# Supplied data
Start of Block
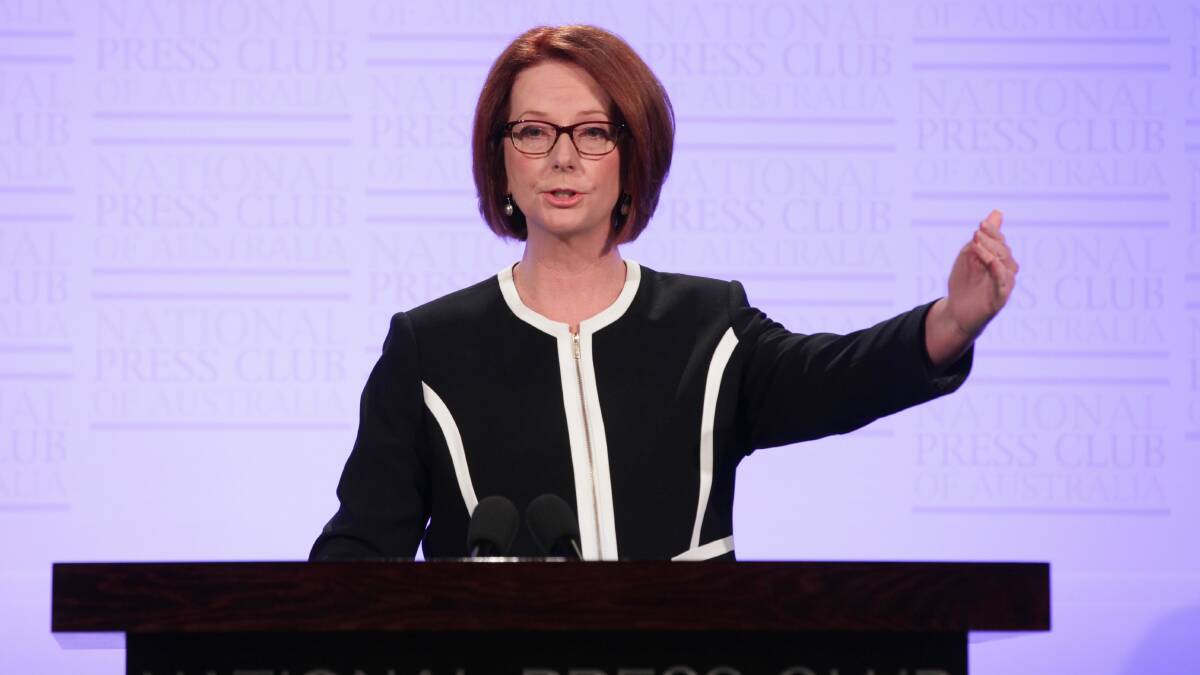 Julia Gillard at the National Press Club in Canberra, where she announced the date of the federal election. Picture: ALEX ELLINGHAUSEN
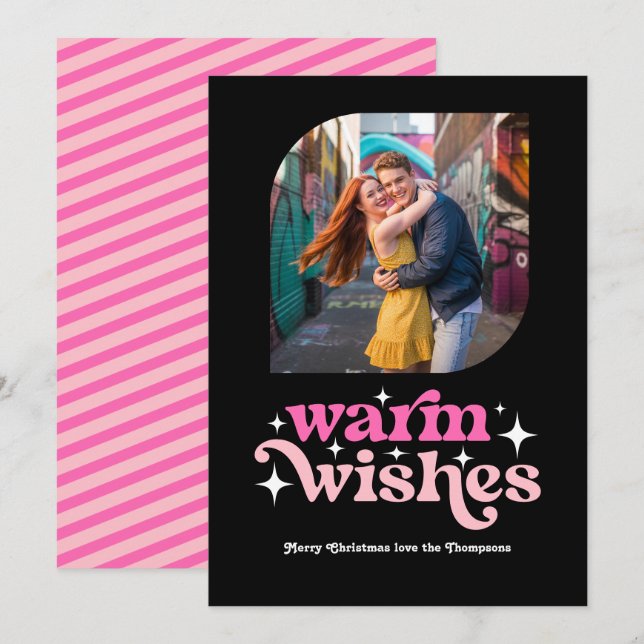 Cartão De Festividades Foto de Natal Moderna e Retro Rosa e Rosa Vibrante (Frente/Verso)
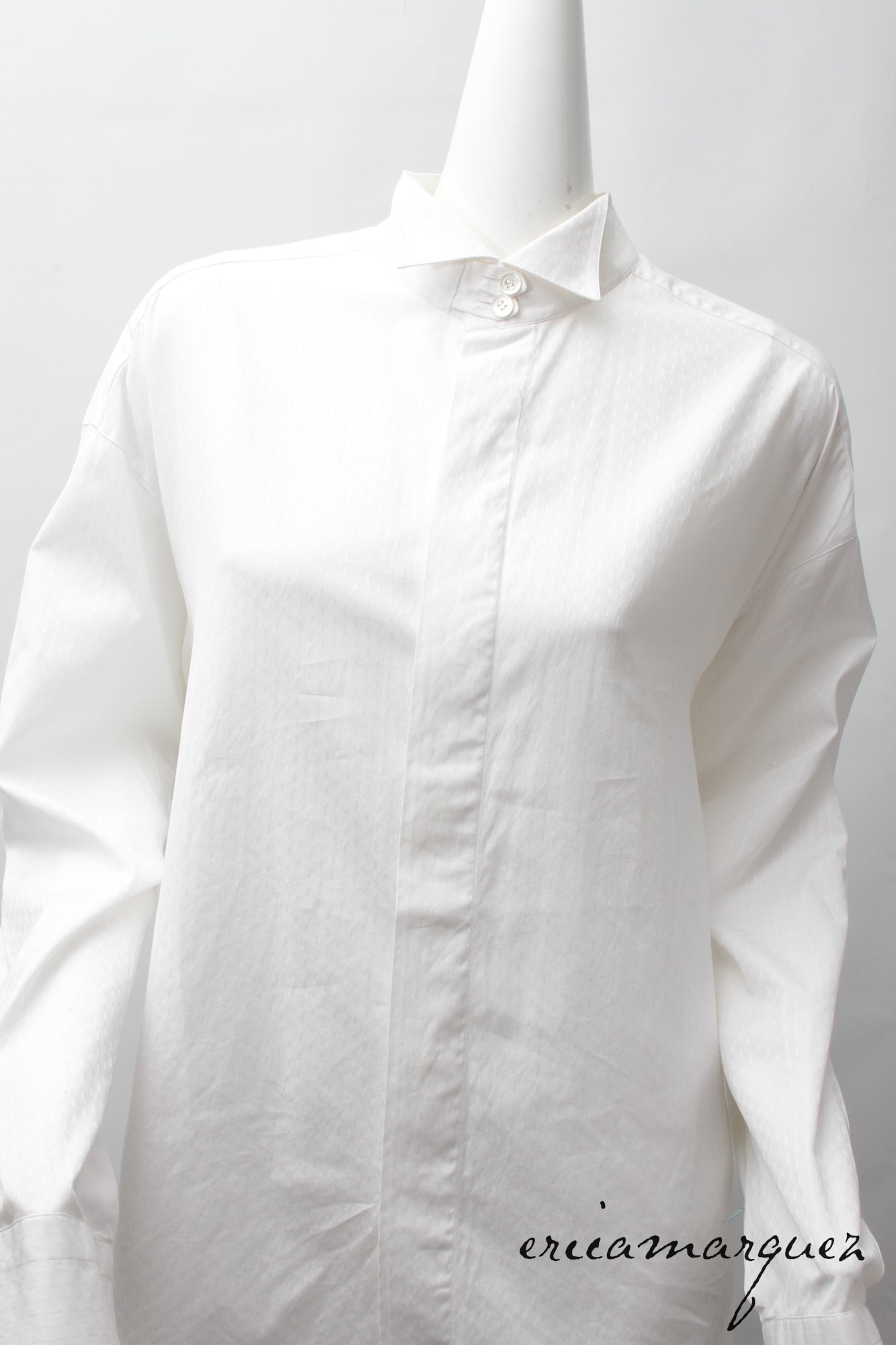 BYBLOS, Made In Italy, Mandarin Collar, Textured Design, Hidden Button, Long Sleeve Shirt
End of Block
Repeat the data exactly in full, omitting its pictures.

# Problem solution
 Julia Gillard at the National Press Club in Canberra, where she announced the date of the federal election. Picture: ALEX ELLINGHAUSEN
 Cartão De Festividades Foto de Natal Moderna e Retro Rosa e Rosa Vibrante (Frente/Verso)
 BYBLOS, Made In Italy, Mandarin Collar, Textured Design, Hidden Button, Long Sleeve Shirt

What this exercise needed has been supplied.